While such properties were predicted for a double layer of graphene, this is the first demonstration that bilayer graphene exhibits an electric field-induced, broadly tunable bandgap, according to principal author Feng Wang, UC Berkeley assistant professor of physics. The bandgap of a material is the energy difference between electrons residing in the two most important states of a material - valence band states and conduction band states - and it determines the electrical and optical properties of the material.
"The real breakthrough in materials science is that for the first time you can use an electric field to close the bandgap and open the bandgap. No other material can do this, only bilayer graphene," Wang said.
Because tuning the bandgap of bilayer graphene can turn it from a metal into a semiconductor, a single millimeter-square sheet of bilayer graphene could potentially hold millions of differently tuned electronic devices that can be reconfigured at will, he said.
Wang, post-doctoral fellow Yuanbo Zhang, graduate student Tsung-Ta Tang and their UC Berkeley and Lawrence Berkeley National Laboratory (LBNL) colleagues report their success in Nature .
"The fundamental difference between a metal and a semiconductor is this bandgap, which allows us to create semiconducting devices," said coauthor Michael Crommie, UC Berkeley professor of physics. "The ability to simply put a material between two electrodes, apply an electric field and change the bandgap is a huge deal and a major advance in condensed matter physics, because it means that in a device configuration we can change the bandgap on the fly by sending an electrical signal to the material."
While a single layer of graphene has a zero bandgap, two layers of graphene together theoretically should have a variable bandgap controlled by an electrical field, Wang said. Previous experiments on bilayer graphene, however, have failed to demonstrate the predicted bandgap structure, possibly because of impurities. Researchers obtain graphene with a very low-tech method: They take graphite, like that in pencil lead, smear it over a surface, cover with Scotch tape and rip it off. The tape shears the graphite, which is just billions of layers of graphene, to produce single- as well as multi-layered graphene.
Wang, Zhang, Tang and their colleagues decided to construct bilayer graphene with two voltage gates instead of one. When the gate electrodes were attached to the top and bottom of the bilayer and electrical connections (a source and drain) made at the edges of the bilayer sheets, the researchers were able to open up and tune a bandgap merely by varying the gating voltages. The team also showed that it can change another critical property of graphene, its Fermi energy, that is, the maximum energy of occupied electron states, which controls the electron density in the material.
"With top and bottom gates on bilayer graphene, you can independently control the two most important parameters in a semiconductor: You can change the electronic structure to vary the bandgap continuously, and independently control electron doping by varying the Fermi level," Wang said.

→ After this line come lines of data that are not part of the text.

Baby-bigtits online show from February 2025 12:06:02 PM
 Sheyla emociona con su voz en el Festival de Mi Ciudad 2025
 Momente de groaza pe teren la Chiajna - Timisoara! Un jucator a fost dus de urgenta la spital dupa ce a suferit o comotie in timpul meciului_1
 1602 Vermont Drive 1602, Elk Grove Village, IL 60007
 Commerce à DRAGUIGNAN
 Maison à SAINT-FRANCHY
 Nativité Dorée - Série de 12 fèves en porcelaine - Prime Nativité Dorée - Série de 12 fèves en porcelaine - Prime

Because of charge impurities and defects in current devices, the graphene's electronic properties do not reflect the intrinsic graphene properties. Instead, the researchers took advantage of the optical properties of bandgap materials: If you shine light of just the right color on the material, valence electrons will absorb the light and jump over the bandgap.
In the case of graphene, the maximum bandgap the researchers could produce was 250 milli-electron volts (meV). (In comparison, the semiconductors germanium and silicon have about 740 and 1,200 meV bandgaps, respectively.) Putting the bilayer graphene in a high intensity infrared beam produced by LBNL's Advanced Light Source (ALS), the researchers saw absorption at the predicted bandgap energies, confirming its tunability. Because the zero to 250 meV bandgap range allows graphene to be tuned continuously from a metal to a semiconductor, the researchers foresee turning a single sheet of bilayer graphene into a dynamic integrated electronic device with millions of gates deposited on the top and bottom.
"All you need is just a bunch of gates at all positions, and you can change any location to be either a metal or a semiconductor, that is, either a lead to conduct electrons or a transistor," Zhang said. "So basically, you don't fabricate any circuit to begin with, and then by applying gate voltages, you can achieve any circuit you want. This gives you extreme flexibility."